Le décret appelant sous les drapeaux les deux classes de dix-huit et dix-neuf ans, les mobiles et les anciens soldats aurait mis en mouvement tout ce person­nel pour faire la contrepartie de l’émigration. Les compagnies de chemin de fer, requises par l’État, suspendent tout autre service. Ordre aux préfets, sous-préfets et maires, de concert avec l’intendance, d’expédier à l’instant pour la capitale les soldats, les mobiles, les rappelés, les cavaliers et fantassins avec armes et bagages, les mobiles organisés ou non, armés ou non, isolés ou en corps. La cavalerie et l’ar­tillerie, dans un rayon de soixante lieues autour de Paris, doivent marcher par les routes ordinaires, avec leurs chevaux et leurs canons. Dans tous les dépar­tements, les stations respectives de départ sont indi­quées aux hommes de chaque commune, et les vivres leur sont alloués pour le voyage, selon les distances. Ainsi, la France entière est en mouvement, ici pour quitter Paris, là pour s’y rendre, les autorités, les bons citoyens, pour organiser et diriger ces convois.

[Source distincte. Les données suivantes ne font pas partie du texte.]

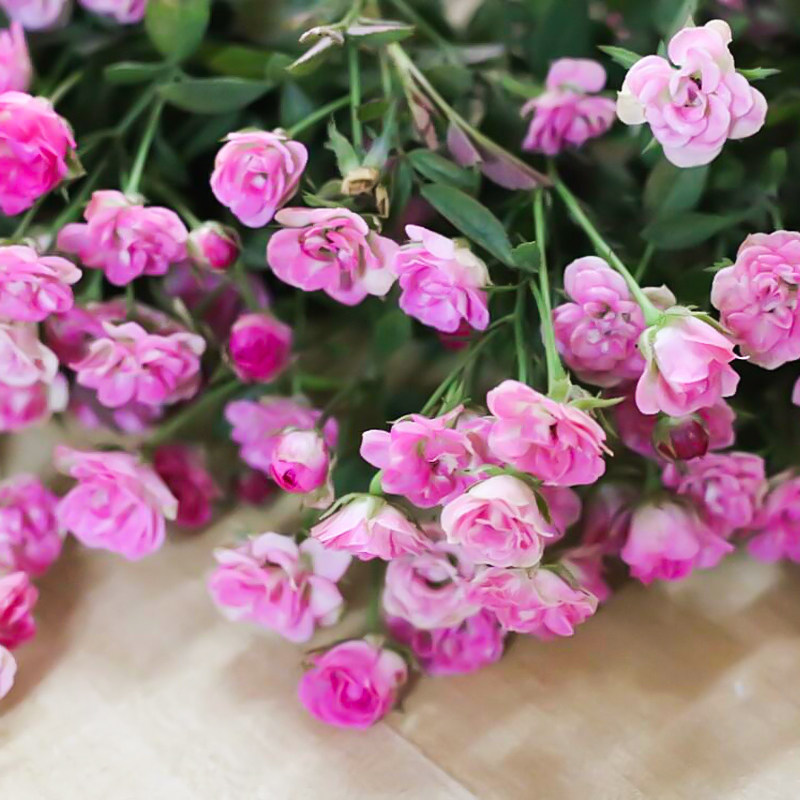 庭院阳台超微 微型多头月季 花朵如指甲盖花量大花期长花卉植物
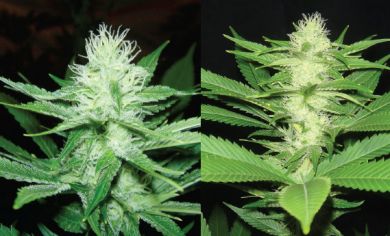trainwreck marijuana seeds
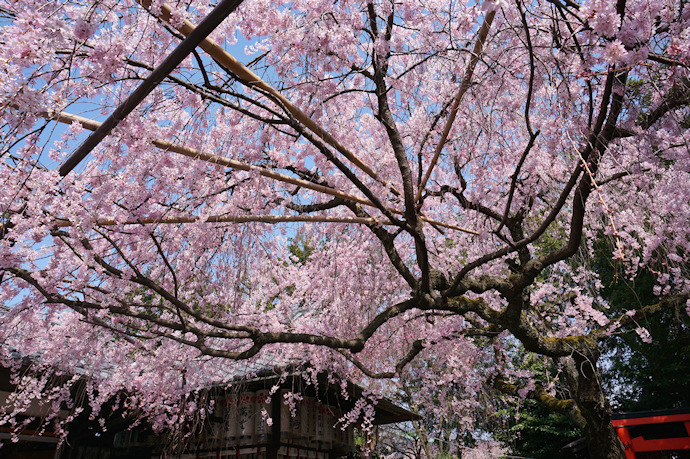 水火天満宮の枝垂れ桜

Maintenant, il faut des armes. La grande ville, au 4 septembre, en était presque dépourvue. Le ministre de la Guerre, Dejean, avait déclaré à la tribune que l’État possédait plus de deux millions de chassepots. Il mentait sans doute. Le public n’a jamais rien su de précis sur cette question. L’Hôtel de Ville ne l’a pas mieux renseigné que les Tuileries. Le plus simple, en tout cas, était d’aviser. Donc, ordre aux divers arse­naux d’expédier incontinent, par chemin de fer, tous les chassepots, fusils à tabatière, fusils à piston en magasin, ainsi que les poudres et munitions de guerre. Envoi, par les arsenaux maritimes, de tous les gros canons de marine, jusqu’à concurrence de trois mille, avec les munitions pour les servir. Ordre aux préfets de faire partir les ouvriers armuriers de vingt à cin­quante ans, leurs femmes et enfants restant à la charge de l’État durant l’absence du chef de famille. Ordre d’envoyer les ouvriers de toutes les fabriques d’armes et fonderies de l’État, Saint-Étienne, Châtellerault, Ruelle, Indret, etc., ainsi que les outillages pour la fabrication des chassepots. Les ouvriers des forges de la Nièvre, les mécaniciens du Creusot, dirigés sur Paris. Les fers, aciers, bronzes, cuivres, étains, plombs, salpêtres et soufres expédiés sans délai par les che­mins de fer. Tous les canons également. Des trains de houille se succèdent sans relâche, venant des mines de la Loire, de l’Aveyron, du Gard, d’Anzin (avec détour par Lille). On demande même la houille à Mons et à Charleroi, pour Lille et Paris, à Newcastle pour le Havre, si elle peut arriver à temps. Achat de pétrole, d’huile à brûler. Des bateaux de charbon et des trains de bois descendent en grand nombre du Morvan par l’Yonne et la Seine. Tous ces matériaux étaient indis­pensables pour fabriquer des chassepots. Il n’en exis­tait probablement pas alors plus de trois cent mille disponibles. Le reste avait été la proie de l’ennemi. Il fallait donc en créer rapidement des quantités énormes. De là, nécessité impérieuse d’avoir les métaux, les charbons, les outillages déjà construits et enfin des ouvriers mécaniciens par milliers.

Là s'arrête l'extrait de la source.